L'objectif fixé par les Vingt-Sept - atteindre collectivement 111 gigawatts (GW) d'éolien offshore d'ici 2030 - sera-t-il atteint ? Oui, à condition d'accélérer la cadence, a prévenu la Commission européenne, mardi 24 octobre. En 2022, les États membres ont ajouté 1,2 GW de capacités, totalisant 16,3 GW d'éolien en mer. Ce qui signifie qu'ils devraient en installer presque 10 fois plus chaque année (12 GW par an) pour entrer dans les clous de leurs ambitions.
Ce n'est d'ailleurs pas leur seul objectif à cet horizon. Pour atteindre, comme souhaité, 42,5% de renouvelables dans la consommation énergétique européenne, la capacité éolienne totale installée sur mer et sur terre doit passer de 204 GW l'an dernier à plus de 500 GW en 2030. Soit une augmentation de 37 GW par an, contre seulement 16 GW supplémentaires en 2022.
Nouvelle boîte à outils
Pour y parvenir, la présidente de la Commission, Ursula von der Leyen, avait promis mi-septembre « un train de mesures » de soutien. Un « plan d'action » a ainsi été présenté mardi. Il ne comprend aucune nouvelle proposition législative, mais une boîte à outils que les autorités de l'UE et les États membres peuvent mobiliser pour alléger des procédures administratives « complexes », réduire les prix de production et accroître la compétitivité des industriels.
La Commission veut notamment accélérer encore les procédures d'autorisation. Elles ont déjà été récemment facilitées par la législation adoptée sur les renouvelables, grâce à une initiative de Bruxelles. Celle-ci permet aux États de traiter les demandes directement en ligne. Charge aux États d'améliorer de leur côté « la prévisibilité » des projets envisagés, avec « des calendriers d'enchères transparents » aux critères mieux définis et disponibles sur une plateforme numérique européenne, et une planification à long terme.
Côté financements, la Commission facilitera l'accès au Fonds européen pour l'innovation. De son côté, la Banque européenne d'investissement (BEI) apportera des garanties pour couvrir les banques privées accordant des prêts aux industriels.

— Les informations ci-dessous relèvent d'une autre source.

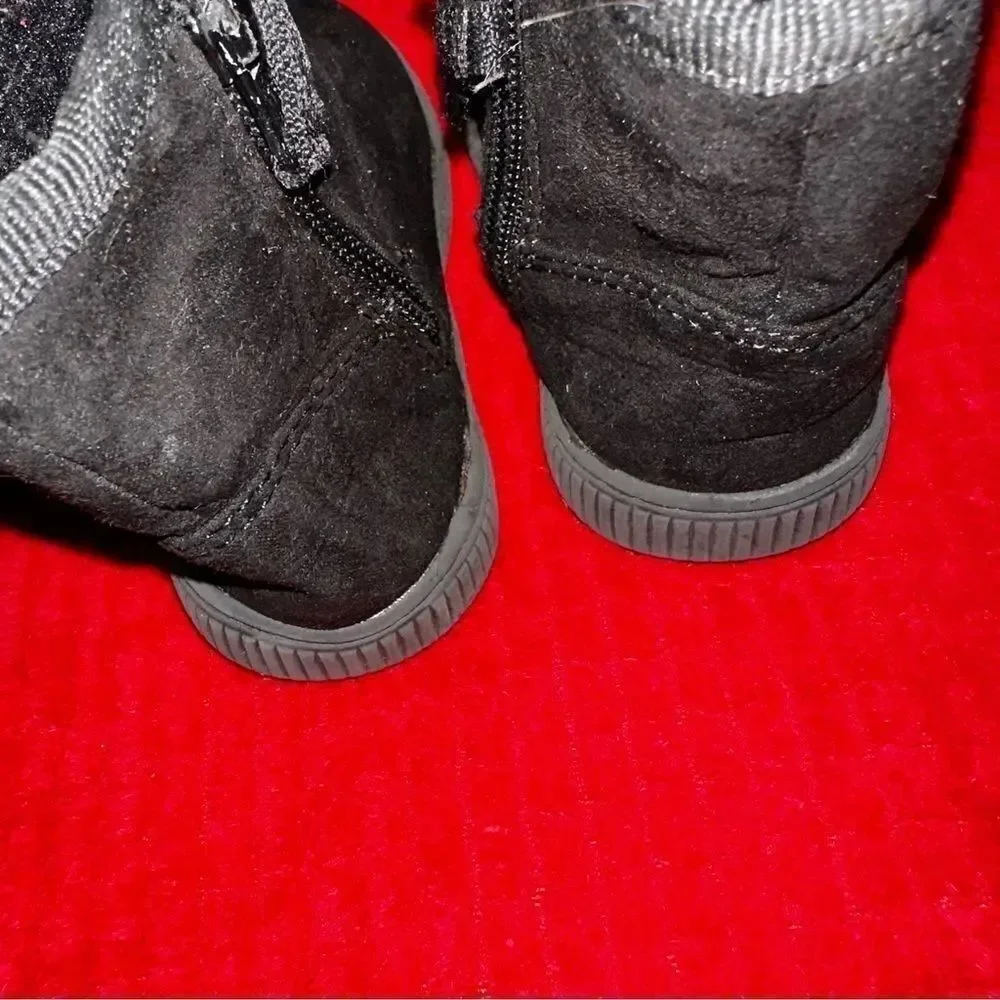 Cat & Jack Black Faux Fur lined Boots, Sz 5 Toddlers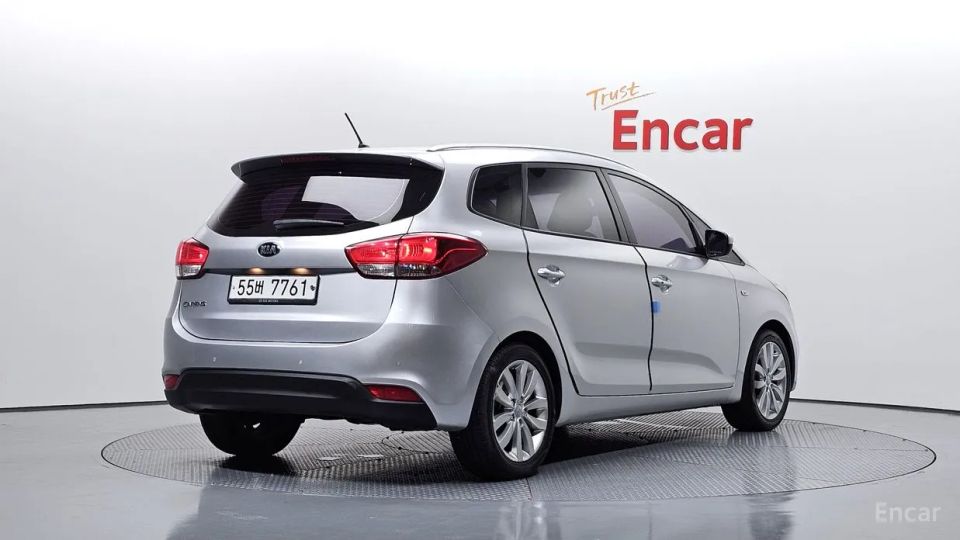 Kia Carens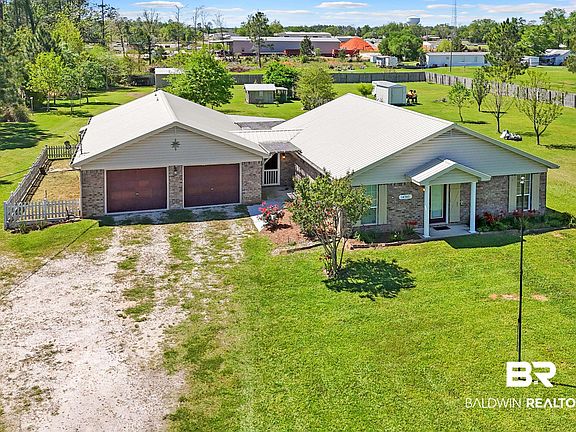 3rd image of 14343 Pecan St N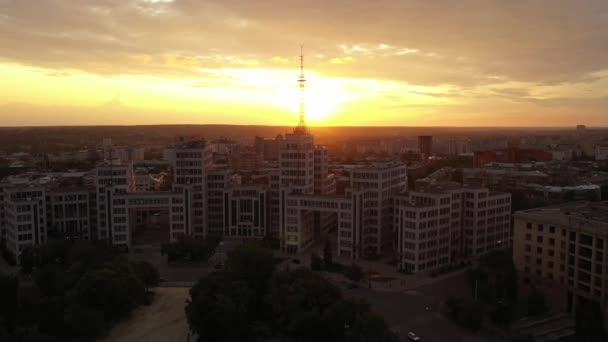 Vista dall'alto e vista frontale dell'edificio sovietico Derzhprom nelle prossime riprese sullo sfondo di un bellissimo tramonto. Una serata tranquilla nel centro della città di Kharkov, Ucraina . — Video Stock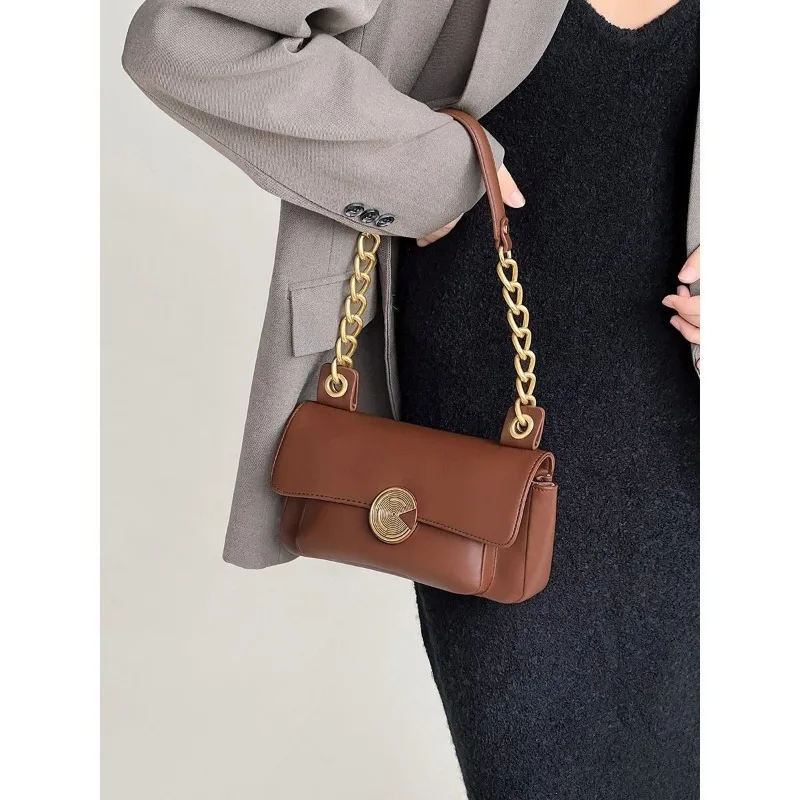 High Quality Simple Chain Luxury Designer Ladies Underarm Shoulder Small Square Bag Casual Fashion Crossbody Handbag for Women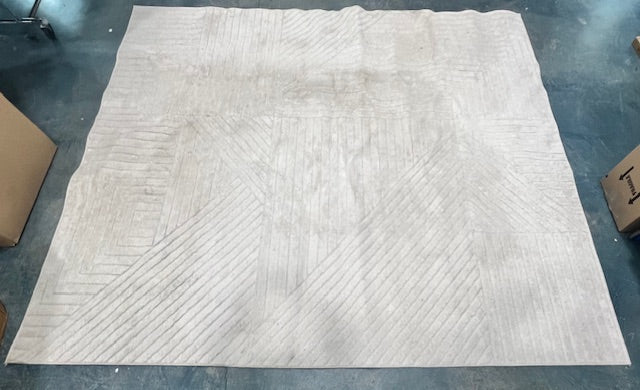 Calvin Klein Balance Modern & Contemporary Ivory/Grey 5'3" x 7'3" Area Rug (used) - Image 3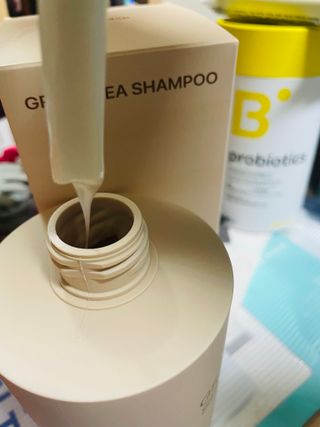 프리마인 더이상 뻣뻣하고 효과없는 탈모샴푸는 NO. 근본부터 케어하는 셀베이스 그린티샴푸(500ml) — 2점을 준 리뷰어가 2023년 2월 올린 사용 사진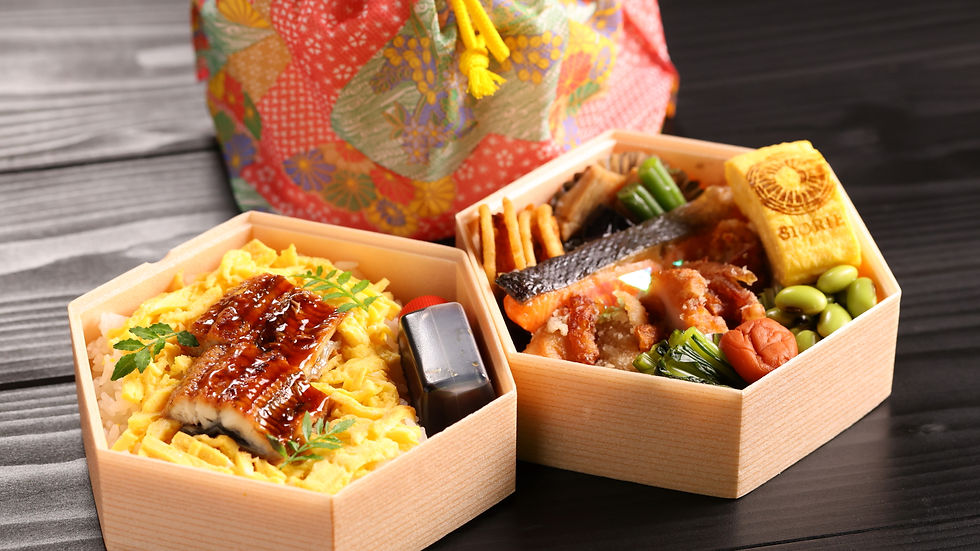 信州の恵みをギュッと詰め込んだ特製お弁当（二段重）。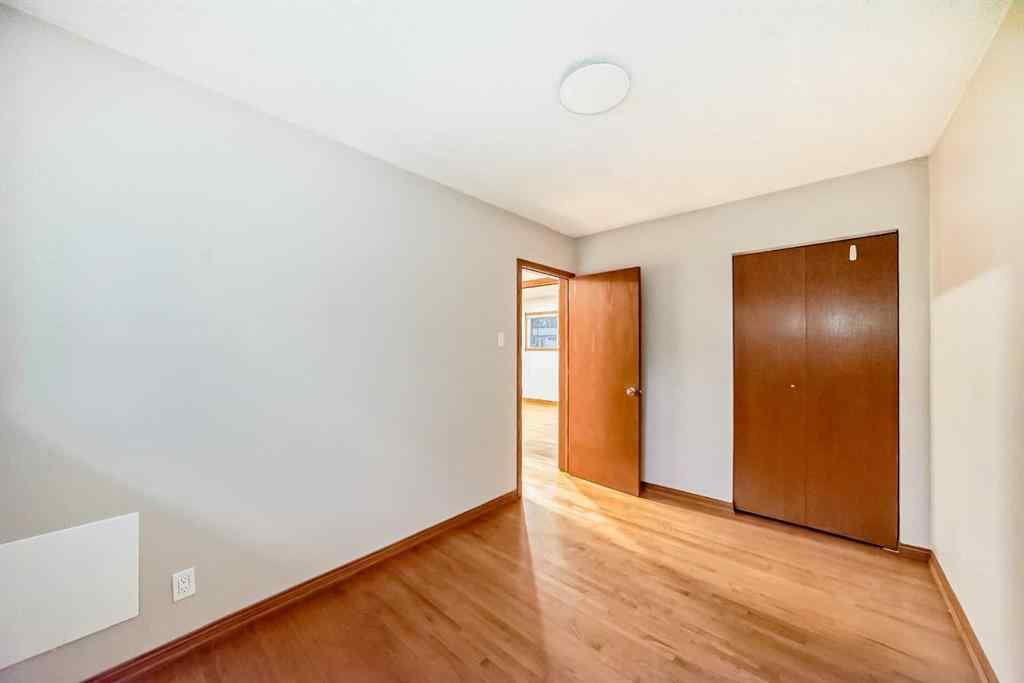 MLS&reg; # A2269807 - 5924 Centre Street NE in Thorncliffe Calgary, Residential Open Houses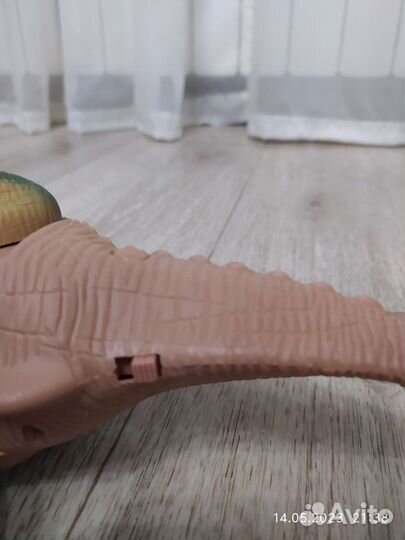 Динозавр на батарейках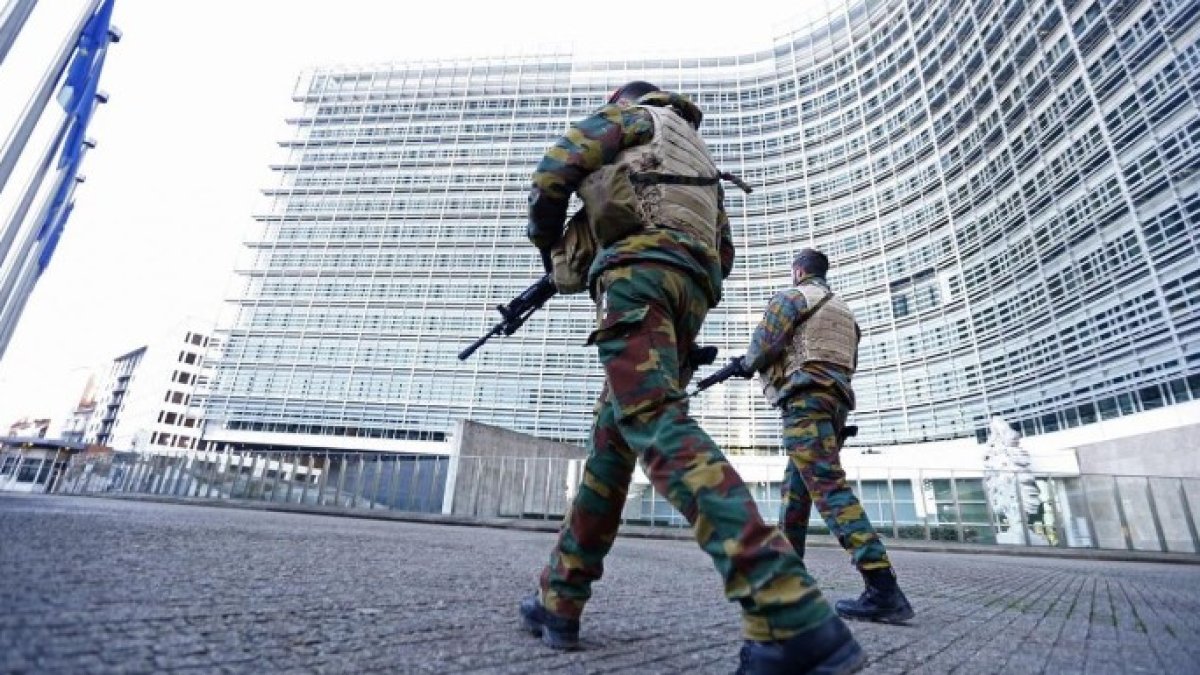 Bruselas sigue siendo una ciudad fantasma por alerta de terrorismo.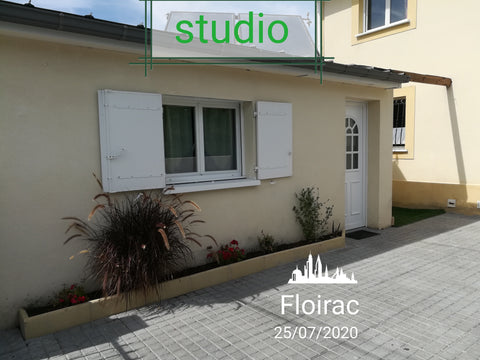 Petit studio situé proche de l'ARKEA ARENA (maxi 20 minutes à pied) à 100 mètres Floirac, France studio d'hôtes climatisé Entire rental unit vacation rental 37468692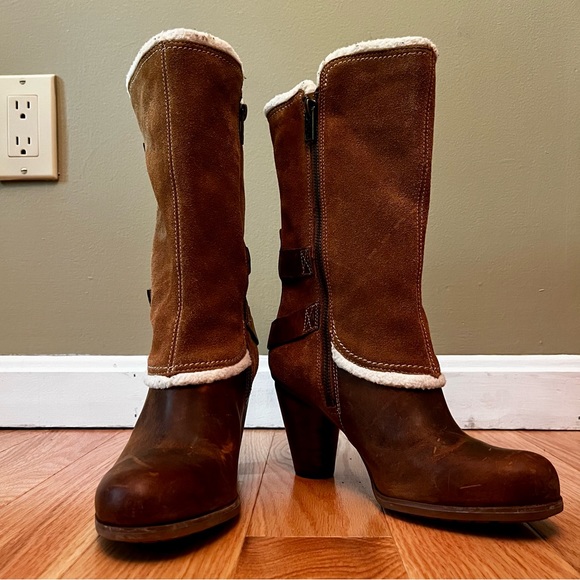 Distressed Buckle Timberland Leather Boots - Picture 2 of 5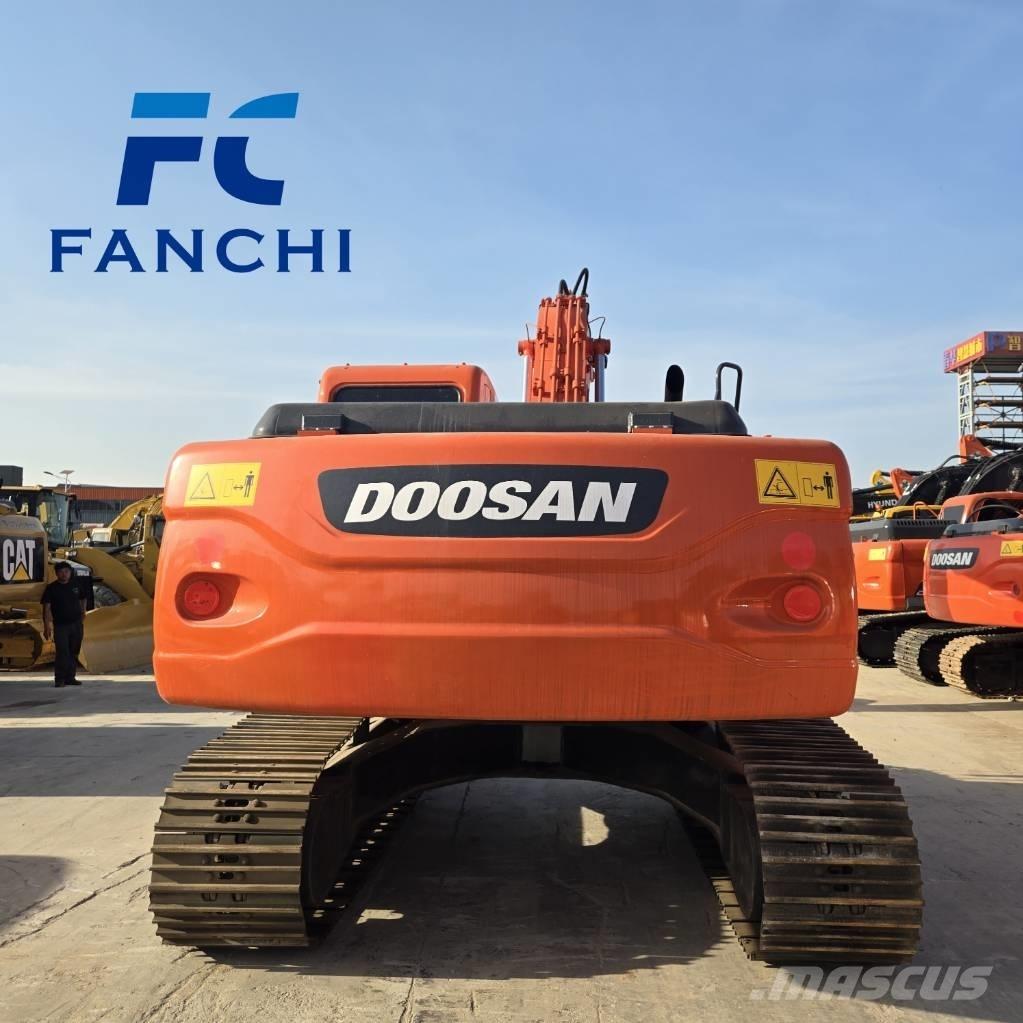 Doosan DX 225 LC Гусеничні екскаватори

Bruxelles « encourage les États à utiliser pleinement » les flexibilités actuellement prévues sur les aides publiques.
Enfin, l'exécutif européen assure « suivre de près les éventuelles pratiques commerciales déloyales qui profitent aux producteurs d'éoliennes de pays tiers », sans pour autant pointer explicitement la Chine. Les actions proposées « aideront les chaînes d'approvisionnement en Europe à fournir les équipements nécessaires (...). Chacun doit jouer son rôle, et ces mesures doivent être appliquées au plus vite, sans attendre de nouvelle législation », a commenté Giles Dickson, patron de la fédération du secteur, WindEurope.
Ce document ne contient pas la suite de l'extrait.